> [Collected data]
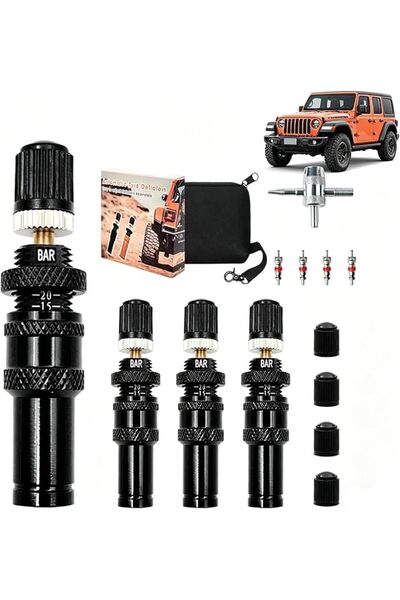 LinJie 4pcs Portable Automatic Auto-Stop Tyre Deflator Valve, 10-30 PSI/0.7-2...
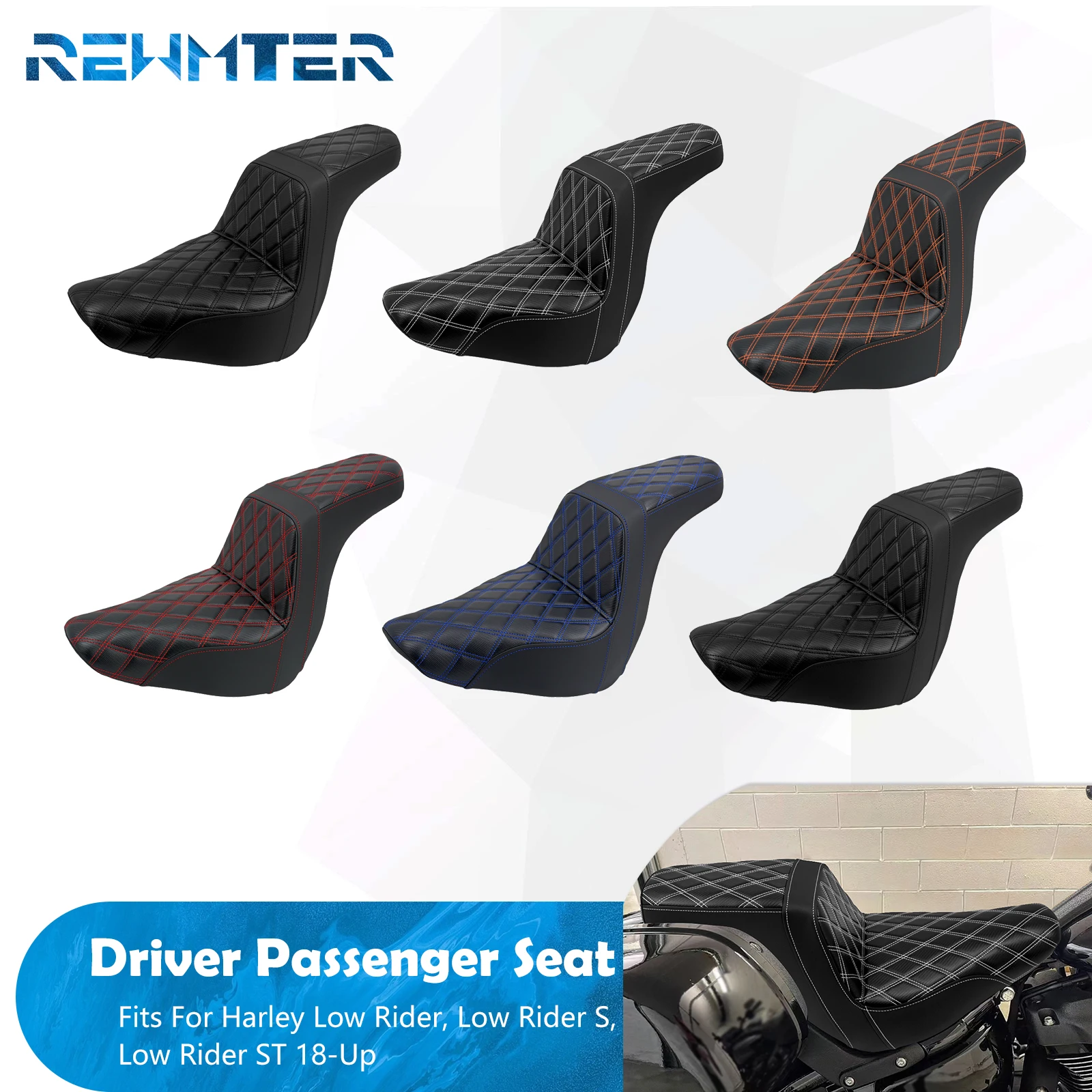 

Motorcycle Two Up Seat Front Rear Driver Passenger Seat Cushion For Harley Softail Sport Glide 18-24 Low Ride 18-21 FXLRS 20-24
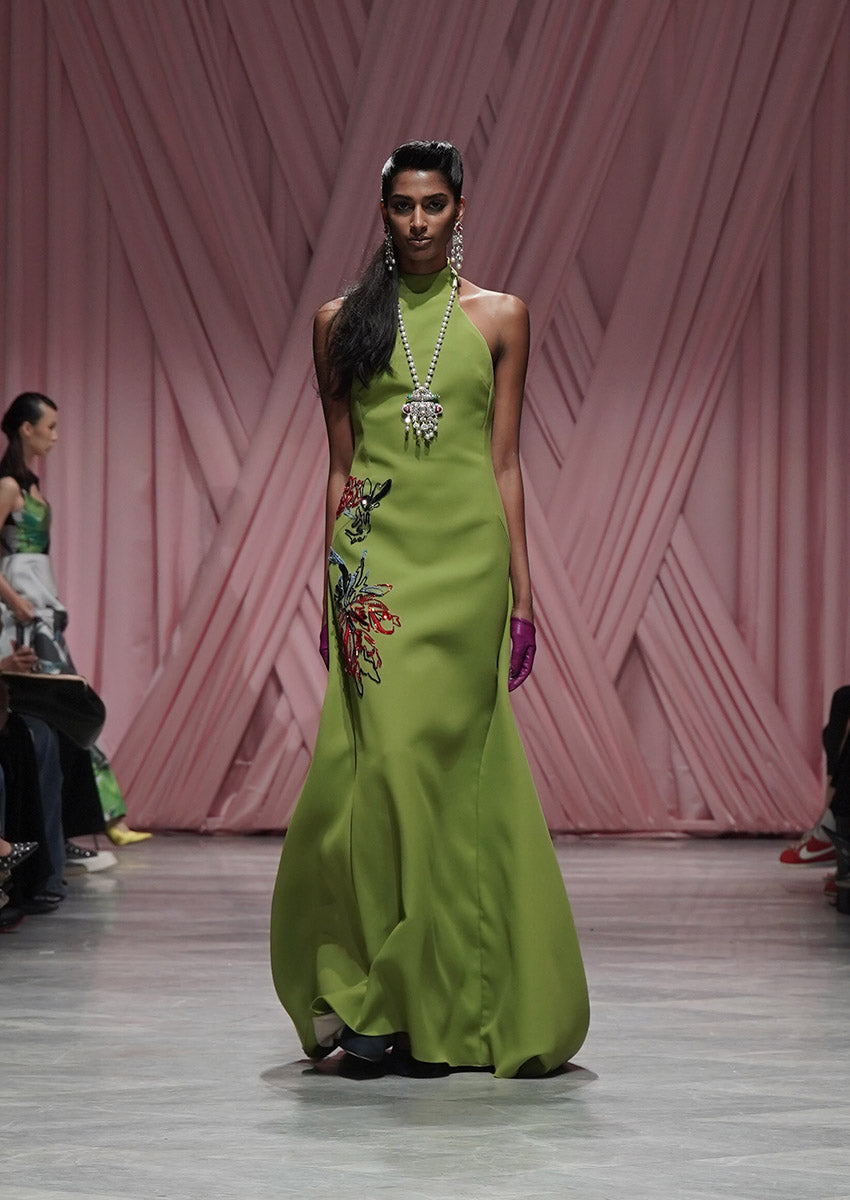 Olive Cady Halterneck Gown with Lata Embroidery 1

> [Task statement] Copy out the listing above exactly, and keep the pictures out of it.

> [Finished exercise]
 LinJie 4pcs Portable Automatic Auto-Stop Tyre Deflator Valve, 10-30 PSI/0.7-2...

Motorcycle Two Up Seat Front Rear Driver Passenger Seat Cushion For Harley Softail Sport Glide 18-24 Low Ride 18-21 FXLRS 20-24
 Olive Cady Halterneck Gown with Lata Embroidery 1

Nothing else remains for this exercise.